When they do come to you and you can see that whatever they are telling you is beginning to stir up strong emotions, try to gently bring them back to what they are feeling. It is important to stick to what they are feeling, not necessarily why they are feeling it. See if you can sum up their stressful experience or circumstance (the facts, not the story) and their feelings about the circumstance in a simple phrase or two. For example, “It sounds like you are feeling frustrated and overwhelmed with all the homework you have to catch up on.” This comment validates what they are feeling and lets them see you understand where they are coming from. A little empathy goes a long way to help them feel like you are aware of how difficult this situation is for them as well. An example of this would be something like “It makes sense you feel overwhelmed. It’s an awful feeling when you feel like you can’t get caught up. You can feel paralyzed about where to even begin.” By expressing your own emotions and modeling coping skills you create an emotionally safe environment for these conversations. The validating and understanding responses you give begin to cultivate that safe environment where emotional connection and better mental health begin.

#7 Check in with them.

Even when they give us the cold shoulder or spend half their lives locked away in their room, our kids desperately long to know we care about them and are still invested in their lives. Find opportunities to have conversations and make talks about mental and emotional health a regular part of your time together. Ask open-ended non-threatening questions such as:

-“How are you feeling?”

-“How are your friends doing? I’ve heard that kids are really struggling right now. Are kids talking about this?”

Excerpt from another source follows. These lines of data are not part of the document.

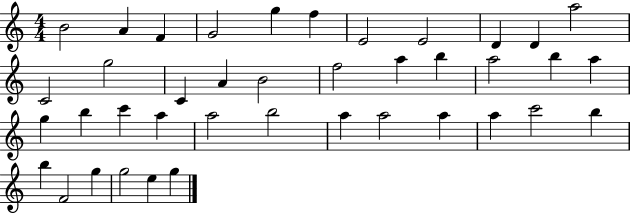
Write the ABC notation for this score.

X:1
T:Untitled
M:4/4
L:1/4
K:C
B2 A F G2 g f E2 E2 D D a2 C2 g2 C A B2 f2 a b a2 b a g b c' a a2 b2 a a2 a a c'2 b b F2 g g2 e g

-“What are you finding helps you to cope when things are overwhelming?”

-“What helps you take care of yourself?”

-“Is social media helping you feel more connected?”

-“Is there anything I can do to support you?”

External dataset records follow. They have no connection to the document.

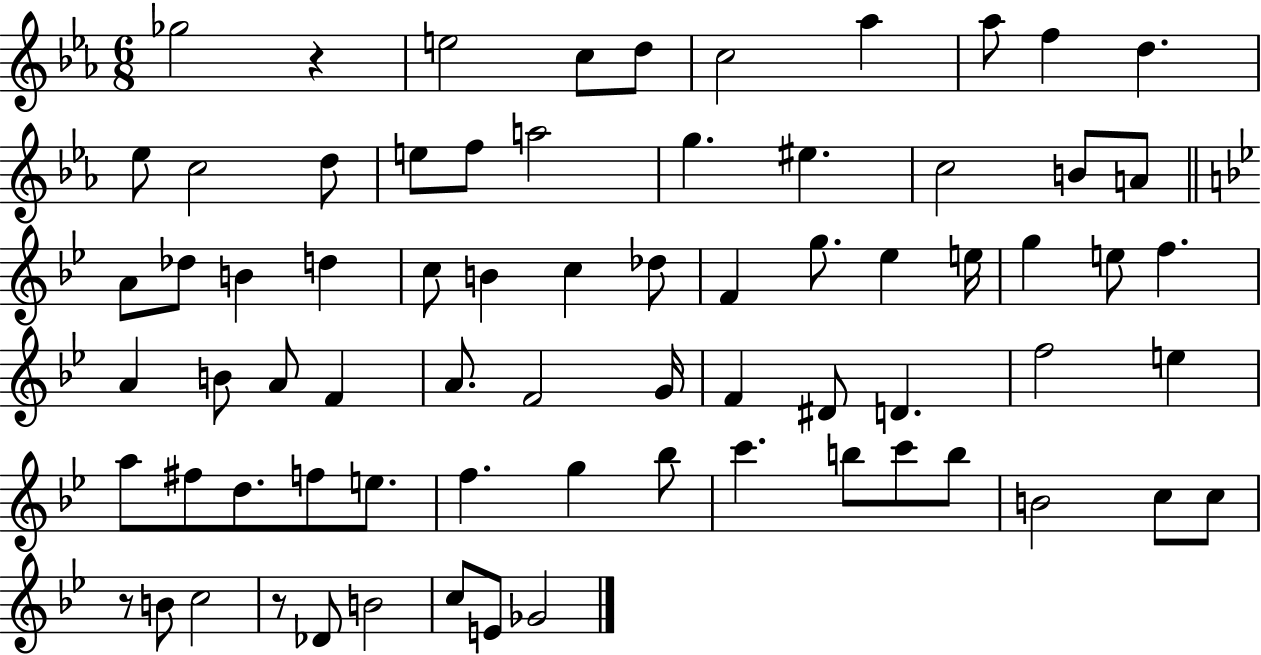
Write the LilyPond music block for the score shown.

{
  \clef treble
  \numericTimeSignature
  \time 6/8
  \key ees \major
  ges''2 r4 | e''2 c''8 d''8 | c''2 aes''4 | aes''8 f''4 d''4. | \break ees''8 c''2 d''8 | e''8 f''8 a''2 | g''4. eis''4. | c''2 b'8 a'8 | \break \bar "||" \break \key g \minor a'8 des''8 b'4 d''4 | c''8 b'4 c''4 des''8 | f'4 g''8. ees''4 e''16 | g''4 e''8 f''4. | \break a'4 b'8 a'8 f'4 | a'8. f'2 g'16 | f'4 dis'8 d'4. | f''2 e''4 | \break a''8 fis''8 d''8. f''8 e''8. | f''4. g''4 bes''8 | c'''4. b''8 c'''8 b''8 | b'2 c''8 c''8 | \break r8 b'8 c''2 | r8 des'8 b'2 | c''8 e'8 ges'2 | \bar "|."
}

 Through these conversations, we want to help them ask themselves: “What is the source of my stress? Why am I anxious?” It might be obvious to you what is going on; the task here isn’t to hand them a diagnosis but, rather, to help them see for themselves what is going on more clearly. Again (and I can’t stress this enough!), resist the urge to give advice, make suggestions for how they can fix the problem, or offer platitudes like “This too shall pass.” You do not need to offer reassurance. Really. Right now, teens need to feel heard, and if you say something along the lines of “Everything will be okay” they’ll notice that you’ve missed the main thing they are trying to communicate, which is that they are very stressed out. If your teen has opened up to share what is bothering them, nothing will slam the door of their heart closed faster than you offering advice or missing the point of what they are trying to say. 

 You’re unlikely to see a magical reconnection overnight or watch your teen turn from Eeyore one night to Tigger in the morning. But following these steps will begin to show your teenager that you are a safe place to express emotions and have hard talks about mental health. As you both learn to navigate these topics, remember to trust your kid’s process. Trust that even if you don’t immediately fix everything, life will continue to unfold just as it’s meant to. Trust that they (and you) can handle all the difficult emotions that happen in the ups and downs of life. Our kids are more resilient than we give them credit for. They are capable, they are strong, they are able to figure this out. And so are you.